Noch bis am Samstag kämpft der internationale Tennisnachwuchs an der Swiss Junior Trophy in Oberentfelden um wichtige ITF-Punkte. Mit dabei sind auch zwei Schweizer, die nicht nur in der heimischen Tennisszene für Gesprächsstoff sorgen.
Die Tenniskarrieren von Mario (15, rechts) und Marko (14, links) Osmakcic aus Rafz sind, gelinde gesagt, ungewöhnlich. Sie spielen nicht seit dem frühesten Kindesalter Tennis, sie werden nicht von einem hochdekorierten Coach betreut und die Trainingsbedingungen entsprechen nicht den hiesigen Standards. Bei den Osmakcics läuft alles ein wenig anders. Trotzdem reihen sie Sieg an Sieg.
Die beiden Teenager spielen erst seit gut fünf Jahren Tennis. Im Vergleich zu vielen anderen haben sie spät begonnen. Betreut werden sie von ihrem Vater Franjo. Das allein ist noch nicht ungewöhnlich. Ungewöhnlich wird es erst, wenn man weiss, dass dieser gelernter Ingenieur ist, selber nicht Tennis gespielt und daher auch keine Trainerausbildung absolviert hat. Doch damit nicht genug. Auch die Trainingsbedingungen sind alles andere als alltäglich. Trainiert wird in Bülach und Bassersdorf. Jeden Tag schlagen die beiden mehrere Stunden die gelben Filzkugeln übers Netz. Eine Sportschule besuchen sie aber nicht. Mario absolviert die Informatikmittelschule, Marko ist in der dritten Sek. Jeweils ab 17 Uhr sind die Osmakcics auf der Tennisanlage. Spielen tun sie dann, wenn ein Platz frei ist. Das ist nicht immer der Fall und so kommt es immer mal wieder vor, dass die Trainings fast bis Mitternacht dauern. „Das ist schon sehr hart, vor allem wenn wir am nächsten Morgen wieder um sechs aufstehen müssen. Freizeit bleibt da keine“, sagt Mario.
Quantität statt Qualität
Wenn die Osmakcics erklären, wie sie trainieren, würden manch einem Tennistrainer die Haare zu Berge stehen. „Da wir später begonnen haben als die meisten anderen, mussten wir viel aufholen. Daher haben wir in den ersten Jahren einfach so viele Bälle wie möglich geschlagen, die Technik stand dabei nicht im Vordergrund“, erklärt Franjo Osmakcic sein Rezept. Dieser Ansatz, den der gebürtige Kroate selber entwickelt hat, steht ziemlich genau im Gegensatz zu dem, was in jedem Tennislehrbuch zu lesen ist.

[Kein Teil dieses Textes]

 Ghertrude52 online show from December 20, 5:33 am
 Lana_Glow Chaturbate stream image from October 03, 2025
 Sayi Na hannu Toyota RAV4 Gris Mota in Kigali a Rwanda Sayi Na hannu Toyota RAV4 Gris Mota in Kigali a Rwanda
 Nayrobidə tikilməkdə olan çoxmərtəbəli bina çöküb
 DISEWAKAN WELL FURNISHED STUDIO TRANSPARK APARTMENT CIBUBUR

Doch der Erfolg gibt der Familie Osmakcic bisher Recht. Vor allem das Palmarès des 14-jährigen Marko ist beeindruckend: Er holte sich 2011 den Sieg bei den U13 French Open, war die Weltnummer 1 bei den unter 14-Jährigen und ist amtierender Vize-Weltmeister in derselben Kategorie. In der Schweiz ist Marko Osmakcic in seinem Jahrgang die unangefochtene Nummer 1. Aber auch sein älterer Bruder Mario gehört seit Langem zu den Top 3 des Landes und wurde 2010 Schweizer Junioren Meister.

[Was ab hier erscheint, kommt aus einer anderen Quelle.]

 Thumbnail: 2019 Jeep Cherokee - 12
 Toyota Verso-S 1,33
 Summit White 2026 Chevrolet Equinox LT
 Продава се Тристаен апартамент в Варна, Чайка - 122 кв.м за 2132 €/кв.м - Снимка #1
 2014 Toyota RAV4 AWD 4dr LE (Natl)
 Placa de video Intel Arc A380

Legenden sollen sie werden
Auch wenn Mario und Marko Osmakcic mittlerweile zwei bis drei Mal pro Woche bei Roy Sjögren in Lachen (Sz) trainieren, bleibt Vater Franjo der unbestrittene Chef. „Das hat den Vorteil, dass ich alles unter Kontrolle habe. Ich kann jeden Schlag korrigieren“, sagt er. Hängt da nicht manchmal der Haussegen schief, wenn die drei so viel Zeit zusammen verbringen? „Nein. Mein Vater war schon immer Vater und Trainer in einem. Da habe ich noch gar nie darüber nachgedacht“, so Marko. Mit seinem Bruder kann es im Training allerdings zu kleineren Auseinandersetzungen kommen. „Wenn wir Punkte spielen, gibt es ab und zu Diskussionen, vor allem bei engen Bällen“, meint Mario lachend.
Angesprochen auf ihre Ziele, haben die Osmakcics eine klare Antwort bereit. Diese ist – wie könnte es anders sein – ungewöhnlich. „Meine Söhne sollen Legenden werden“, so der Vater. Er sagt es überzeugt und ohne zu zögern. „Je grösser die Ziele sind, desto einfach sind sie zu erreichen“, fügt Marko an. Ob der unkonventionelle Weg der Osmakcics weiterhin von Erfolg gekrönt sein wird, bleibt abzuwarten.